だが、やらなければならないことが多いわけではない。樫の木と栢木の二つの例えからそのわけを理解できるだろう。樫の木というのは元来生気が強いので、本木を大きく切り込んで枝を一向に切り捨てるとき、来年はすぐに生き生きと若芽を吹き出すことは確実だ。このように強く切り込む方が良い。栢木というのは生気が通じにくい。だから、その木の枯れ具合をよく見立てて、一枝か二枝の中に勢いがある枝を残してその他をすべて切り払って、程よく肥やしを与えなさい。このようにすれば、残った枝も勢いが増してくる。

総じて肥やしが強いときは却って枯れてしまう。肥やしは気持ち弱いものを与えるべきだ。
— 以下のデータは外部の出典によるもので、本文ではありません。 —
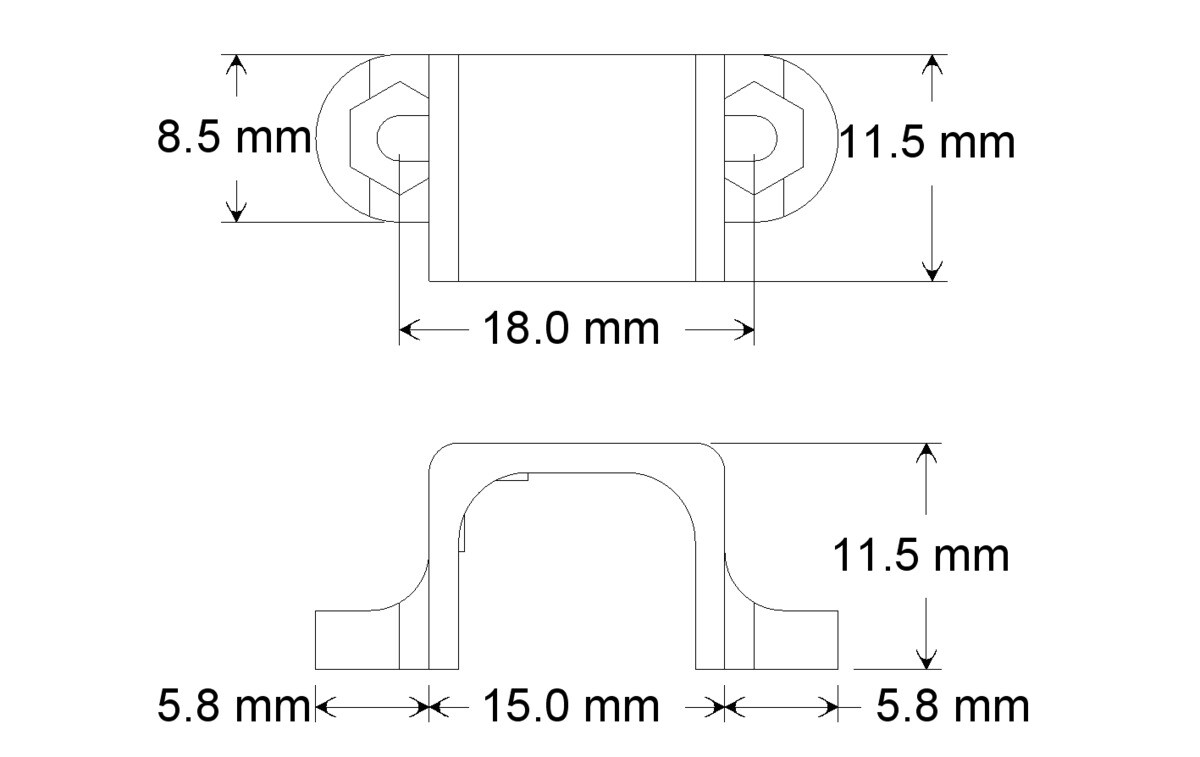 Pololu Micro Metal Gearmotor Bracket Pair Hvid Plast 1086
人も年を取れば元手が減って弱っていくものであるから、まずは樫の木を育てるようにすべきか。そうであっても、商売が得意または職方であっても、よい老舗の株があっても元手が減ってしまい続けられない。あるいは、本人が仕切るのを止めて、どんなことでも新規の職であっても商売についても似たようなことがある。こういうのが栢木の性格である。枝を切りつくして枯れてしまうことがある。この点をよく考えてみることだ。これには口伝がある。

 

枝と商売の関係は、いろいろなものが必要である。肥料は金銀の元手のことだ。樹木の陰陽を考えて、土地の状態を観察し植える時期を第一に考えるということは、何よりも工夫が重要である。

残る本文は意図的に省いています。